(Captioned web images)
━━━━━━━━━━

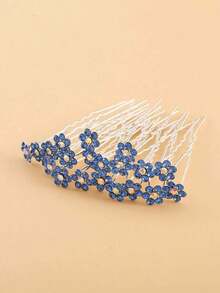 20pcs Women New Style Flower Multi-Color Bridal Headband, Hair Fork, U-Shaped Hairpin, Wedding Hair Accessories, Simple And Versatile, Wedding/Back To School Season Basic Headwear, Bun Hairstyle Set Valentine's Day Valentines - 寶藍色 - 查看 7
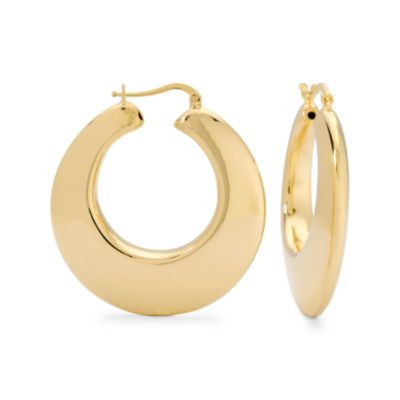 Tapered Hoop Earrings In Vermeil &mdash; Alt Image 1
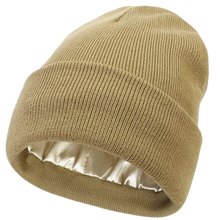 Load image into Gallery viewer, Berretto Lavorato a Maglia e Foderato in Raso -Khaki - Ozerty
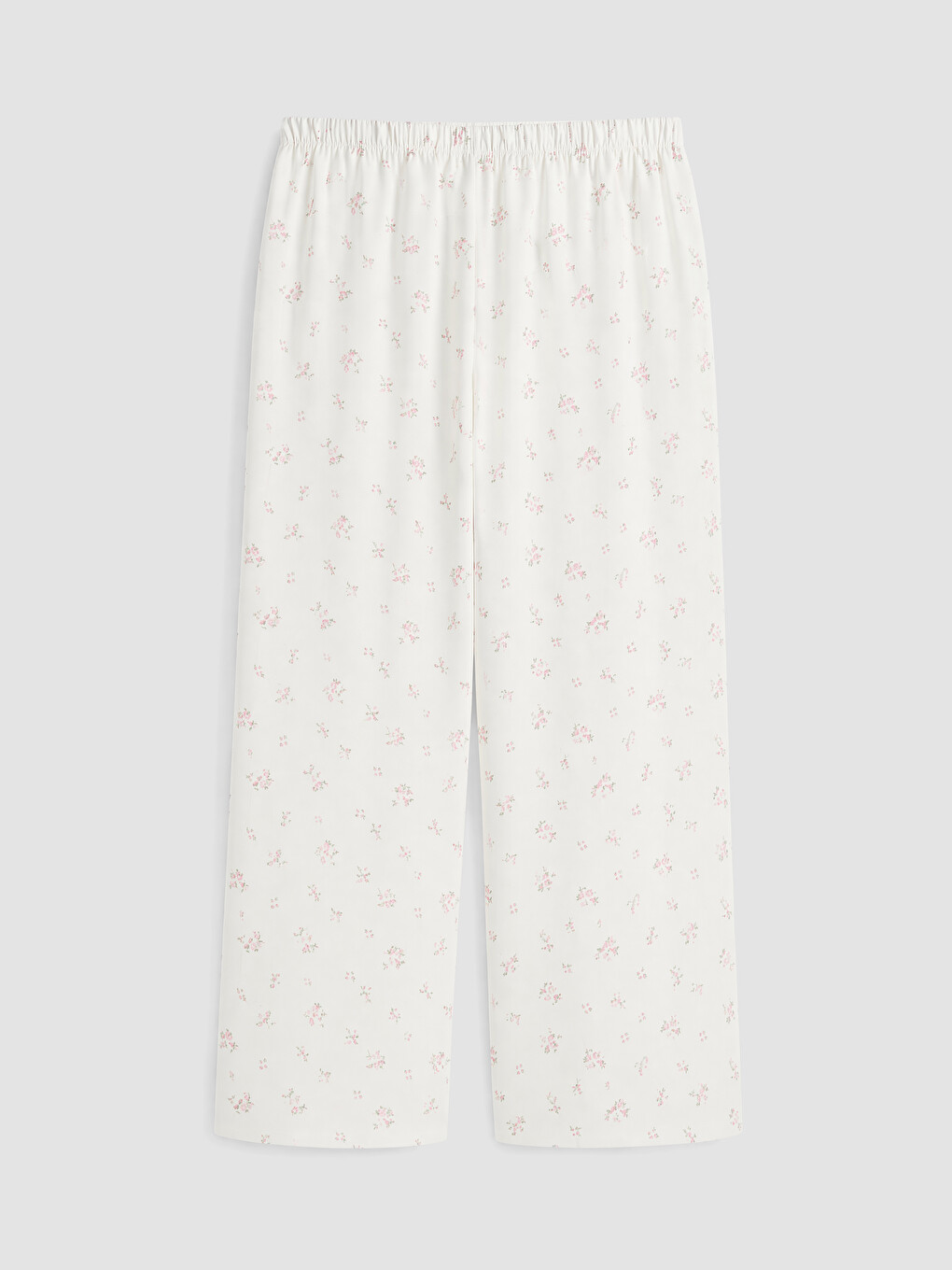Ekru Bisiklet Yaka Çiçekli Kadın Kaprili Pijama Takımı-5
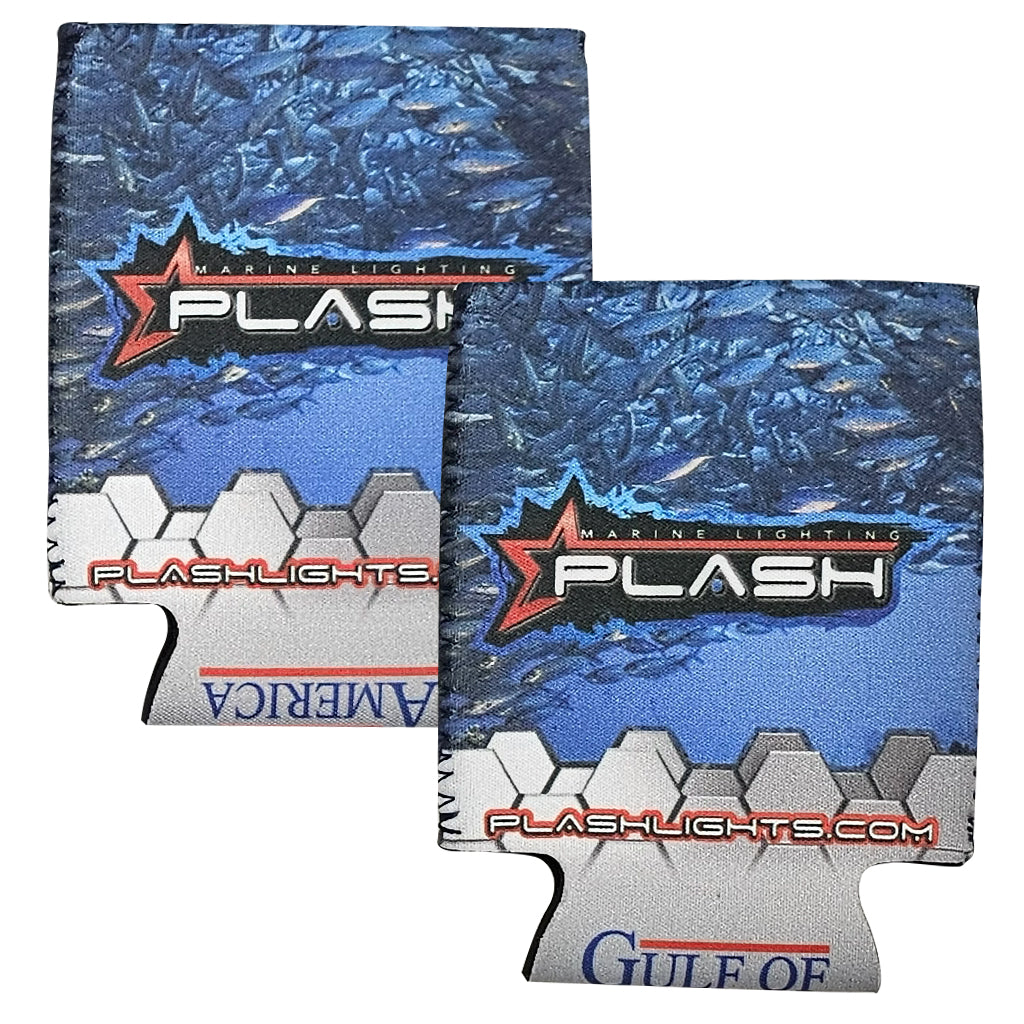 Two can coolers with 'Plash' branding with ocean scene and Gulf of America on bottom on white background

━━━━━━━━━━

- **ACTIVITY**
None of the pictures should appear; the rest of the entries must be reproduced exactly.

- **COMPLETED TASK**
 20pcs Women New Style Flower Multi-Color Bridal Headband, Hair Fork, U-Shaped Hairpin, Wedding Hair Accessories, Simple And Versatile, Wedding/Back To School Season Basic Headwear, Bun Hairstyle Set Valentine's Day Valentines - 寶藍色 - 查看 7
 Tapered Hoop Earrings In Vermeil &mdash; Alt Image 1
 Load image into Gallery viewer, Berretto Lavorato a Maglia e Foderato in Raso -Khaki - Ozerty
Ekru Bisiklet Yaka Çiçekli Kadın Kaprili Pijama Takımı-5
 Two can coolers with 'Plash' branding with ocean scene and Gulf of America on bottom on white background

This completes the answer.